Hale also took a particular interest in issues of women’s health, arguing, for example, for women’s physical education and denouncing tight corsets as unhealthy (a charge that was later fully substantiated). Though the Lady’s Book sometimes prided itself on avoiding political topics, many of Hale’s editorial campaigns had significant political implications. Her long-standing efforts to establish Thanksgiving as a national holiday, for example, were based on her belief during the antebellum period that if a nation shared a meal together once a year, it would be less likely to engage in civil war. Though Hale’s ultimate goal of preventing civil war was, of course, unsuccessful, she did manage to persuade President Abraham Lincoln to declare Thanksgiving a national holiday.
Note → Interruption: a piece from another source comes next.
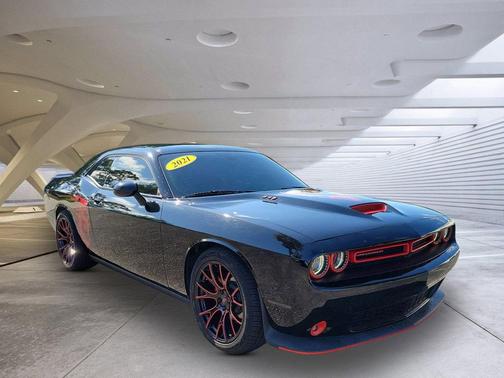 Pitch Black Clearcoat 2021 Dodge Challenger R/T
Throughout her editorship of the Lady’s Book, Hale continued to publish her own work. In addition to contributing material to the Lady’s Book, she published a number of poetry volumes and several short novels, and following the success of Harriet Beecher Stowe’s Uncle Tom’s Cabin in 1852, she issued a revised edition of Northwood. Hale also wrote a number of popular cookbooks. Hale’s efforts as a writer were well regarded by her peers, and she was featured in many of the gift annuals and literary anthologies published before the Civil War. One of Hale’s most ambitious projects as a writer was her 1853 Woman’s Record: Or, Sketches of All Distinguished Women from “The Beginning” till A.D. 1850 . This nine-hundred-page work presents biographical essays on more than two hundred women, with brief mentions of more than two thousand others.

After five decades as a magazine editor, Hale published her last column with the Lady’s Book in December, 1877. She died on April 30, 1879, at the age of ninety and was buried in Philadelphia.

Significance

Though she was not the first woman magazine editor, Sarah Josepha Hale enjoyed a longer and more influential career than had any American woman before her. During her fifty-year editorial career, Hale made significant contributions to American literature and to women’s issues. She published or reviewed the work of such writers as Edgar Allan Poe, James Fenimore Cooper, and Herman Melville. As editor of a popular women’s magazine, Hale was able to support women writers, many of whom, such as Harriet Beecher Stowe and Lydia Sigourney, published their work in her magazines.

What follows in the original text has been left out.